Aquellas armas eran de repuesto, por lo cual quiso asegurarse de que estaban cargadas. Con los dos revólveres que empuñaba mantenía el fuego contra Kildare mientras iba cogiendo las municiones de una caja abierta, que colocó ante él.

¡Ziss! ¡Ziss!

Las balas se hundieron en el suelo ante él, después de rozarle la cabeza. Al volverse a mirar, otra bala le rozó la nariz.

Desde un tejado próximo, y a través de la ventana de la casa, alguien disparaba contra él. La tarde moría ya y no pudo reconocer a su nuevo enemigo.

Otro disparo estuvo a punto de herir a Pete, quien, echándose al suelo, disparó a su vez contra el inesperado atacante.

El sombrero del desconocido voló por el aire y una mancha roja apareció en la morena cabeza del tirador. Al caer hacia delante, Pete descubrió quién era:

¡Acababa de matar a Tiburcio Estrada!

Pete no tuvo de lamentar lo ocurrido. De repente se dio cuenta de que Kildare no disparaba ya. Asomando cautamente la cabeza, tuvo la inmediata explicación. El bandido huía a través de la plaza.

Pete corrió a la puerta, pero el otro estaba ya fuera del alcance del revólver.

Pete no podía creer que huyera por miedo. Indudablemente era otro el motivo; por eso, sin perder momento, el sheriff corrió detrás del fugitivo.

¡Pam! ¡Pam!

Pete volvióse con gran rapidez al oír los disparos y vio que Durkey bajaba por la calle que conducía a la plaza con un revólver en cada mano, disparando frenéticamente.

Una bala rasgó el pantalón de Pete, quien, involuntariamente, cayó al suelo.

Su caída fue acogida con una ruidosa y alegre carcajada de Durkey que, no obstante, siguió disparando.

¡Pam!

Era Pete quien acababa de disparar y la carrera de Durkey se interrumpió.

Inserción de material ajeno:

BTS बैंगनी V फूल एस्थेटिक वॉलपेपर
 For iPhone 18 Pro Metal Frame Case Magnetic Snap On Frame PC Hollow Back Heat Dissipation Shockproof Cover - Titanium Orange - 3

El gangster soltó uno de los revólveres y llevóse una mano al pecho mientras con la otra trataba de disparar, consiguiéndolo tras algunos esfuerzos.

La proximidad a que se encontraban los dos hombres hacía peligroso que el bandido siguiera disparando y Pete Rice apretó el gatillo de su Colt.

Durkey soltó el otro revólver y, por unos segundos, permaneció trabajosamente en pie, pero, tras inútiles esfuerzos por mantenerse derecho, cayó de bruces al suelo, donde quedó inmóvil.

Entonces el sheriff trató de reemprender la persecución de Kildare, pero en aquel momento aparecieron varios mestizos. No llevaban armas de fuego, pero todos esgrimían sus facones, que, en sus manos, eran armas terribles.

El sheriff de la «Quebrada del Buitre» no mataba cuando podía evitarlo. Su único deseo era entregar a aquellos hombres a las autoridades competentes.

Estas decidirían cuál era su delito y el castigo que merecían. Pete Rice era un sheriff, no un juez ni un verdugo.

Sin embargo, era preciso asustarles para abrirse paso. Los revólveres que empuñaba dispararon repetidas veces sobre los pistoleros. Las balas pasaron por encima de sus cabezas o fueron a hundirse a sus pies.

Dando gritos de terror, los mestizos dieron media vuelta y emprendieron rápida huida. Pete los dejó escapar.

A quien él deseaba coger era a Kildare, y de nuevo echó a correr en la dirección tomada por el fugitivo.

Pero a éste va no se le veía por parte alguna, y por muy experto seguidor de huellas que fuese Pete, no lo era tanto que pudiera leer las impresas en las losas de las calles.

En vano registró callejones y plazas. En ningún sitio halló el menor rastro del aventurero. La noche había caído ya y, tras una hora de inútiles pesquisas, Pete decidió regresar a la casa que servía de almacén a las armas.

Al llegar al extremo de la plaza vio encendida cerca del ídolo una hoguera.

Entonces divisó la silueta de varios hombres tendidos en el suelo. Sin embargo, a aquella distancia, no pudo identificar a ninguno de ellos.